A quarter of all drawings are done in pencil.
Upon Ethan Allen’s capture of Fort Ticonderoga only one British soldier dissented. When he tried to attack, Ethan Allen used a particularly sharp pencil to stab him in the neck, causing him to eliminate in his tight white trousers. The makeshift weapon was commemorated as the Ticonderoga Number 2 Pencil and is still the bestselling pencil in America.
After the war Ethan Allen became a vendor of moderately priced furniture. Jefferson and Madison lauded its quality, but John Quincy Adams called it schlock.
John Quincy Adams’s cousin, Sam, was unfortunately known for creating the worst tasting beer in the New World. Two hundred forty years later, the New World is so much bigger and Sam Adams beer is proportionately worse. How it sells is a mystery to liquor store owners nationwide. And to Great-great-great-great-great grand-nephew Cecil.
Cecil Adams (born Seezil Orson Adams) was the son of Dweezil Adams. He legally changed the spelling of his name at age 18 after enduring one beating a day, five days a week for 12 years of school. Unfortunately, the pronunciation was the same and beatings continued through four years of college and several years of graduate studies. Desperately searching for a “normal” name, at age 27 he settled on Edwardio Phartuccio Zotti and told people to just call him EZ. Complete strangers would come up to him after that and punch him in the face.

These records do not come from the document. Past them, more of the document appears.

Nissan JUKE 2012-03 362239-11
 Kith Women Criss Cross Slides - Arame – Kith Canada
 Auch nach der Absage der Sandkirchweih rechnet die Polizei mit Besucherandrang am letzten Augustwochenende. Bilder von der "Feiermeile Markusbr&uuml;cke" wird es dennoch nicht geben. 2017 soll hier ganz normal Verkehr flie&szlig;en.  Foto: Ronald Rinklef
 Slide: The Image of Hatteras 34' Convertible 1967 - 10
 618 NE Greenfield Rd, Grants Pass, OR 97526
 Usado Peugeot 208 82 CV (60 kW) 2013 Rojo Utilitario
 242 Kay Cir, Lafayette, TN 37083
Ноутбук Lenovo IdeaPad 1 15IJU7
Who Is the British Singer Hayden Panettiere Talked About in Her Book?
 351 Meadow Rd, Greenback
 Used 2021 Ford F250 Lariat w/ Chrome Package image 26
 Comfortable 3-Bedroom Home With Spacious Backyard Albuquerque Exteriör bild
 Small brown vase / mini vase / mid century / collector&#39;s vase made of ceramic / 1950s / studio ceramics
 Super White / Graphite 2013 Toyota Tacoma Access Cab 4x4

One day, as he lay bleeding in front of the Chicago Tribune building, a passing editor took pity on him and asked him what had happened. After the explanation, the editor took him into the offices (but not until he had kicked poor EZ unconscious), cleaned him up, and asked him to write down his story. Impressed with the young man’s writing, he immediately signed him to a ten year contract, but insisted that EZ use Cecil Adams as his byline. As Cecil’s stature grew at the Trib, the beatings lessened until they only happened at Christmas parties.
The meme for the Chicago Tribune’s Christmas parties is “The punch that packs an EZ punch.”
The Chicago Tribune is actually owned by a secretive cabal that includes the Illuminati, the Rosicrucians, the AFL-CIO, Up with People!, Brad Pitt, Blythe Danner, Orson Bean, John Boehner and Octavia Phartuccio-Agnew, the widow of the former Vice President.
Up with People! was formed by members of the notorious Chicago Seven, and was to have been called Up Yours, People!, but Abbie Hoffman had second thoughts.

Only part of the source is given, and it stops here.